* WHAT YOU NEED TO DO:
Take the line containing "Apartmenthaus Strasswirt De Luxe * Tröpolach" and all lines after it, through the end of the material, and repeat them exactly, pictures left out.

* THE DATA:

=== Begin Enclosure ===

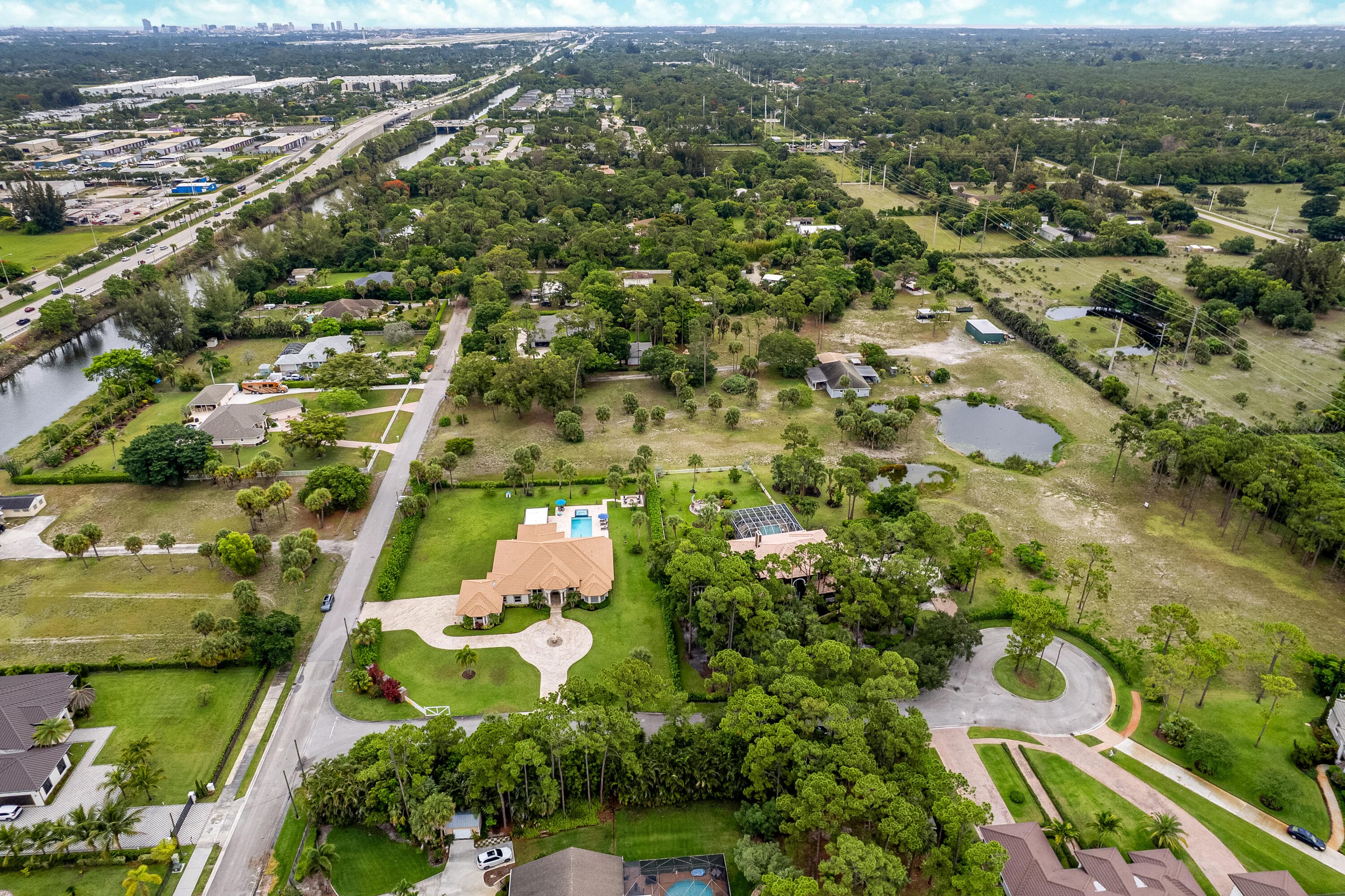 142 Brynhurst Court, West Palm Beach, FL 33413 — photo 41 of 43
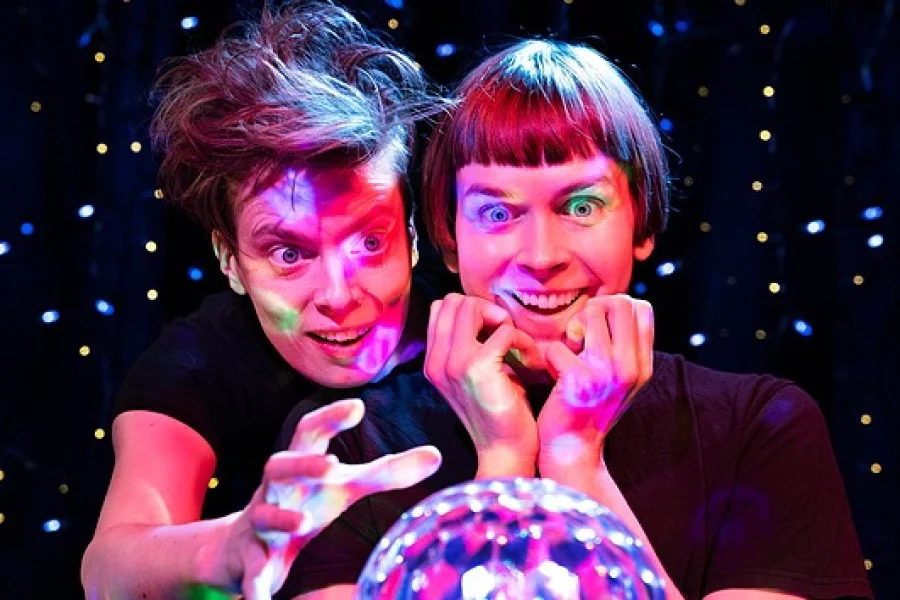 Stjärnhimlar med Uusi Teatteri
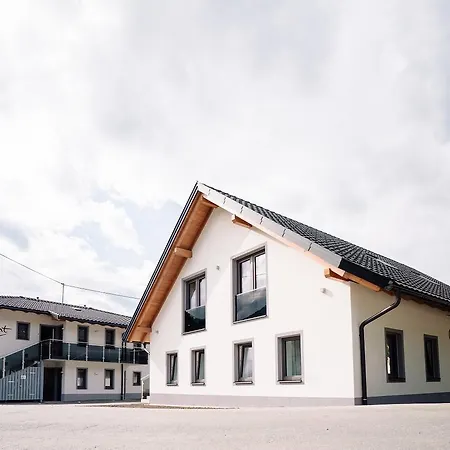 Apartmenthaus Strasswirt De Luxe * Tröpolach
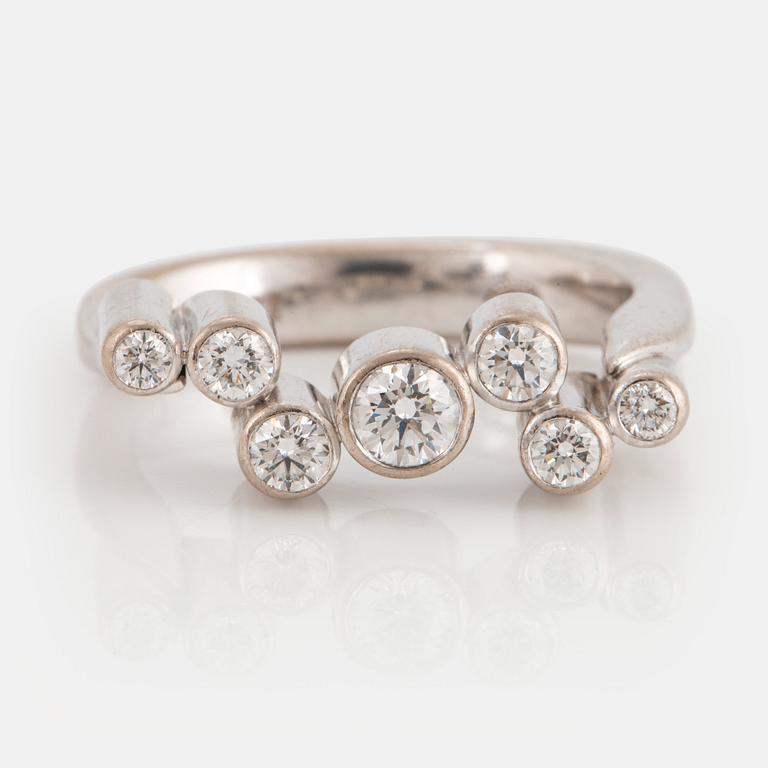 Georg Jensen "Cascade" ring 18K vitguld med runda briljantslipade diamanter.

=== End Enclosure ===

* SOLUTION FOR THIS PROBLEM:
 Apartmenthaus Strasswirt De Luxe * Tröpolach
 Georg Jensen "Cascade" ring 18K vitguld med runda briljantslipade diamanter.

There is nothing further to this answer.